The budget was raised from the Australian Film Commission (what the AFDC turned into), Greater Union and private investment, including Mora's father Georges, Margaret Carnegie, tycoon Victor Smorgon and Lyn Williams, the wife of artist Fred Williams.

Mora and producer Jeremy Thomas flew to Los Angeles to cast the lead role. Their first choice, Stacy Keach turned it down; Martin Sheen and Jason Miller expressed interest in playing Morgan but Mora decided to cast Dennis Hopper instead. Hopper's fee was $50,000.

The film used various locations where Dan Morgan had been active, in the eastern Riverina, including Billabong Creek, Culcairn and Jindera; as well as locations in Beechworth, north-east Victoria. Morgan's cave in the film was the actual cave Dan Morgan had used. Shooting started on 27 October 1975 and went for six weeks over 36 shooting days to 6 December. The shoot was challenged by rain during the first week but managed to be completed on schedule.

Producer Jeremy Thomas later remembered his experience making the film:

Mora later wrote that he was "setting grotesque 19th-century human behaviour against an extraordinary landscape. I created Francis Bacon figures in a Sidney Nolan landscape, with stunts inspired by Jean Cocteau." The director says that Hopper was a handful during the making of the film, constantly imbibing drink and drugs. However he says the actor could be very professional, a skilful improviser and gave a performance which was "really extraordinary. I think he identified with the role." Mora recalled Hopper at the finish of the shoot:

Mora shot a scene where a young Ned Kelly looks at a waxwork of Morgan but decided not to use it.

The making of Mad Dog Morgan was featured in Mark Hartley's 2008 documentary Not Quite Hollywood: The Wild, Untold Story of Ozploitation!, in which Thomas, Mora and Hopper are interviewed.

Release
The film was released in Australia and the US and performed disappointingly at the box office, returning to the producers an estimated $100,000. Mora later wrote:

However the movie sold well around the world – including a $300,000 sale to the US – and achieved good reviews.

Mora tried for several years to set up other films in Australia – including the movie that became Newsfront (1978), an adaptation of For the Term of His Natural Life and a science fiction story called The Black Hole – but was unsuccessful.
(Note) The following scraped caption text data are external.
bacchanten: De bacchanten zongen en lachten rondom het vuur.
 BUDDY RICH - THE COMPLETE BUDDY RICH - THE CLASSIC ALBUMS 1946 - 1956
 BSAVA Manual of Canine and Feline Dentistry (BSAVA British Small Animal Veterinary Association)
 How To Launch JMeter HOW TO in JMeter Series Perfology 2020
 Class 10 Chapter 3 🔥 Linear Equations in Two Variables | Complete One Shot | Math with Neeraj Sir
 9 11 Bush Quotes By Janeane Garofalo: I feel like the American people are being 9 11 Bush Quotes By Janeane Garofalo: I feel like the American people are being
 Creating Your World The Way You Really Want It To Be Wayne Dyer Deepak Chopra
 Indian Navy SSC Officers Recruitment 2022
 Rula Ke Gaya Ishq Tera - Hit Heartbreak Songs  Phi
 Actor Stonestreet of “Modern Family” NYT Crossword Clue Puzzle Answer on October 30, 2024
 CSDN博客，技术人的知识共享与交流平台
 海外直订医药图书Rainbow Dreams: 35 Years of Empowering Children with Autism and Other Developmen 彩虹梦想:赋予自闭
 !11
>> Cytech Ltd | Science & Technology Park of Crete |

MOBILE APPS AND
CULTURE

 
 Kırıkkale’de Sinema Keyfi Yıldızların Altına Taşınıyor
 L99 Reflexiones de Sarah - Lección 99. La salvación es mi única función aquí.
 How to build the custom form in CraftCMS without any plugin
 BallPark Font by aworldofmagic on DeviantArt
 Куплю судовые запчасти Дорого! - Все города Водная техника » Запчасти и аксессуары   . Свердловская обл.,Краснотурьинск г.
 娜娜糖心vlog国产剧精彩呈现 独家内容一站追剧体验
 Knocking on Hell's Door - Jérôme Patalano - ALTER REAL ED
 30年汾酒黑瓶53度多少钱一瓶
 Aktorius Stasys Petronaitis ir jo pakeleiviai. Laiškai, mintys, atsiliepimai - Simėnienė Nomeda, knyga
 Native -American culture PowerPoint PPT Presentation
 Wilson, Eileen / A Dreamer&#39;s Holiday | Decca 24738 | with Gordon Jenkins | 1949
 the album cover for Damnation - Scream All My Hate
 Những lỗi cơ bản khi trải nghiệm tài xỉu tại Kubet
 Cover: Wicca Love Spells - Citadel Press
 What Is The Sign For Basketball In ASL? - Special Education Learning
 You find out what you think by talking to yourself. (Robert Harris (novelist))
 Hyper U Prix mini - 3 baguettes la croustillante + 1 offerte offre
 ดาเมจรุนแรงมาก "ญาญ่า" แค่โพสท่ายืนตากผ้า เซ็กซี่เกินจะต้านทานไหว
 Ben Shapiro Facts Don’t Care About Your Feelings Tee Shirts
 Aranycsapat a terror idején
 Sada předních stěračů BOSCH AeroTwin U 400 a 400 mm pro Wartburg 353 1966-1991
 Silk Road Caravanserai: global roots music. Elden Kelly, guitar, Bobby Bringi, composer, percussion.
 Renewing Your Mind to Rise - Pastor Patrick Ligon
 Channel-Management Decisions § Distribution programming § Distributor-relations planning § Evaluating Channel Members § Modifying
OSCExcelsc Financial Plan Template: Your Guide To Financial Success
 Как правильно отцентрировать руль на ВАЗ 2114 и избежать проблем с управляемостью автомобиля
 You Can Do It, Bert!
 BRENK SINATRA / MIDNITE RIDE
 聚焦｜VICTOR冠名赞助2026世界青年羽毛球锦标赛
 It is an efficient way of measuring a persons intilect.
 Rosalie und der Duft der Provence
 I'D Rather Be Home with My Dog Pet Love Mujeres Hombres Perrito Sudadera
He moved back overseas where executives at United Artists, who had been impressed by Mad Dog Morgan, hired Mora to direct The Beast Within.

Tromasterpiece Collection
Troma Entertainment's original VHS and DVD release was a heavily edited version of the film, seeing that the unrated or uncut versions were very difficult to come by outside of Australia.

With the intent of re-releasing the best films in the Troma library, The Tromasterpiece Collection released a 2-disc unrated version of the film in the US in November 2009.

Special features include interviews with director Philippe Mora, cinematographer Mike Molloy and associate producer Richard Brennan, along with a radio interview, deleted scenes, locations featurette, stills gallery and the original theatrical program.

Two graphic trailers were released for the DVD launch.

Director's Cut
Umbrella Entertainment (Australia) released a Director's Cut of the film on DVD in early 2009.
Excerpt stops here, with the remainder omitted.